Part 2
Virtualization
OpenStack is a cloud operating system. To learn OpenStack, one must first grasp some knowledge related to virtualization and cloud computing.
Virtualization
Virtualization is the foundation of cloud computing. Simply put, virtualization allows multiple virtual machines to run on a single physical server, where the virtual machines share the physical machine’s CPU, memory, and I/O hardware resources, but logically, the virtual machines are isolated from each other.
The physical machine is generally referred to as the Host, and the virtual machines running on the Host are called Guests.
So how does the Host virtualize its hardware resources and provide them for the Guests? This is primarily achieved through a program called a Hypervisor.
Depending on the implementation method and location of the Hypervisor, virtualization is divided into two types: Type 1 virtualization and Type 2 virtualization.
Type 1 Virtualization
The Hypervisor is installed directly on the physical machine, and multiple virtual machines run on the Hypervisor. The implementation of the Hypervisor is generally a specially customized Linux system. Xen and VMware’s ESXi belong to this type.
Type 2 Virtualization
A conventional operating system, such as Redhat, Ubuntu, or Windows, is first installed on the physical machine. The Hypervisor runs as a program module on the OS and manages the virtual machines.
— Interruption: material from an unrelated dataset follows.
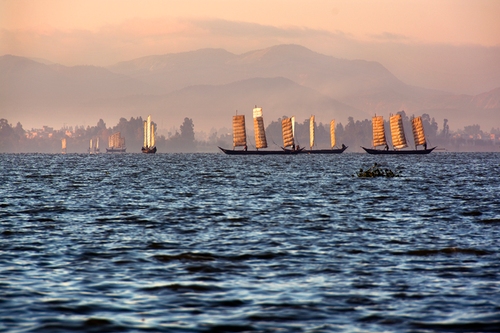 韦嘉萍13708459730《扬帆碧波间》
KVM, VirtualBox, and VMware Workstation belong to this type.
Theoretically speaking:
Type 1 virtualization is generally specially optimized for hardware virtualization features, resulting in better performance compared to Type 2;
Type 2 virtualization, being based on a regular operating system, is more flexible, for example, it supports nested virtual machines. Nesting means that you can run KVM within a KVM virtual machine.
KVM
Next, we will focus on KVM, a Type 2 virtualization technology.
Basic Concepts
The most popular and widely used virtualization solution on the x86 platform is KVM. OpenStack also provides the best support for KVM, and our tutorial naturally chooses KVM as the Hypervisor for the experimental environment.
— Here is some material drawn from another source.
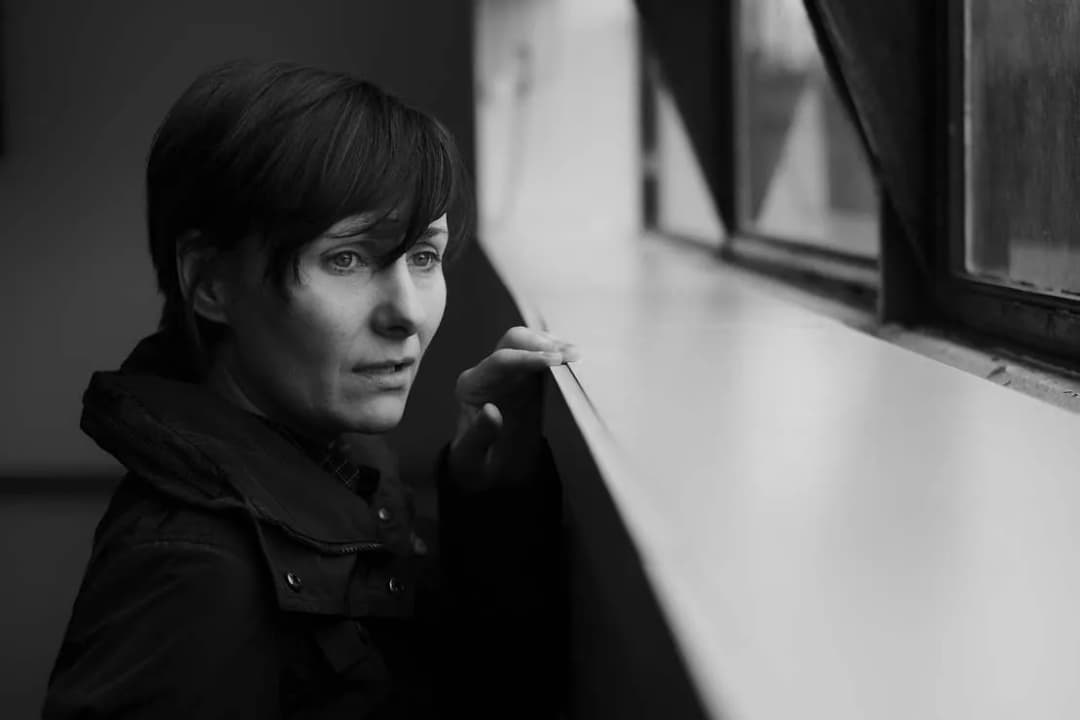 Żałobny strój w Kościele to symbol rozpaczy czy nadziei? Analiza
KVM stands for Kernel-Based Virtual Machine. This means that KVM is implemented based on the Linux kernel. KVM has a kernel module called kvm.ko, which is solely responsible for managing virtual CPUs and memory.
So who is responsible for I/O virtualization, such as storage and network devices? This is handled by the Linux kernel and Qemu.
In short, as a Hypervisor, KVM focuses only on virtual machine scheduling and memory management. The tasks of I/O peripherals are delegated to the Linux kernel and Qemu.
Libvirt
When reading articles about KVM online, you will often come across Libvirt.
What is Libvirt? Simply put, it is a management tool for KVM.
In fact, Libvirt can manage not only KVM but also Xen, VirtualBox, and others. OpenStack also uses Libvirt at its core, so it is essential to learn about it.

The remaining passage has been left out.